Data extract:
★ ★ ★ ★
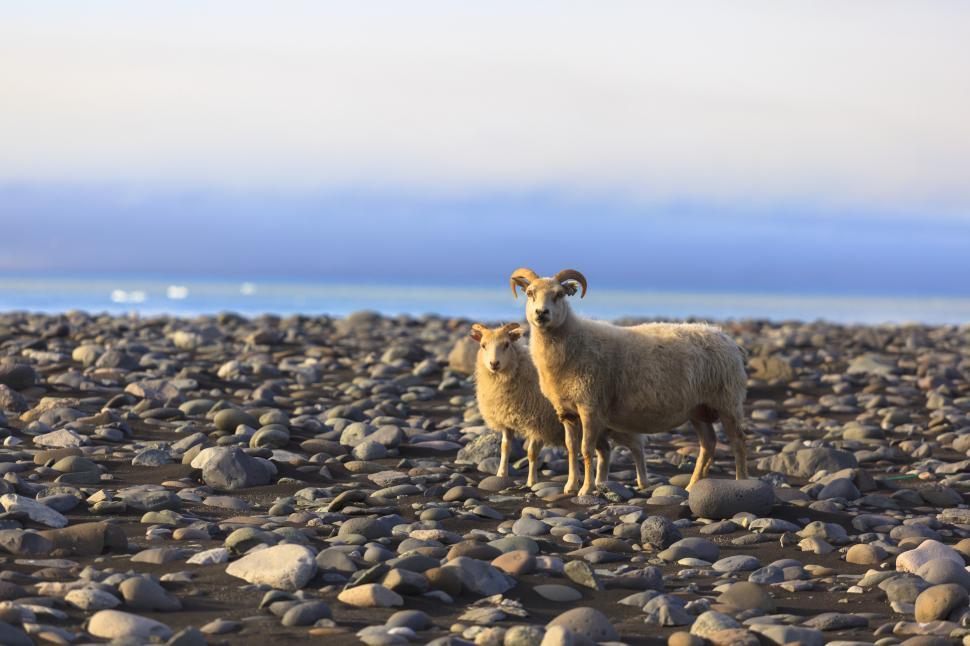 Free Image of A couple of sheep on a rocky beach 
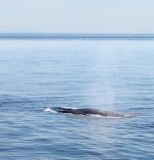 A Fin whale feeding. The top of the whale's mouth is seen on the left.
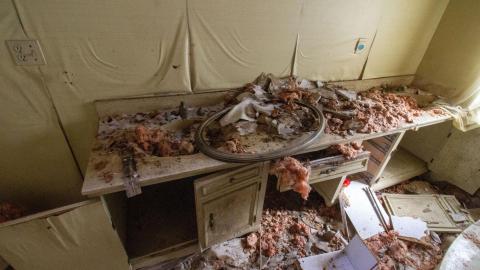 Chair-y Decayed - February 2023 - IMG_3668.JPG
★ ★ ★ ★
Required action: The answer is the listing above restated word for word, pictures removed.

Exercise output:
 Free Image of A couple of sheep on a rocky beach 
 A Fin whale feeding. The top of the whale's mouth is seen on the left.
 Chair-y Decayed - February 2023 - IMG_3668.JPG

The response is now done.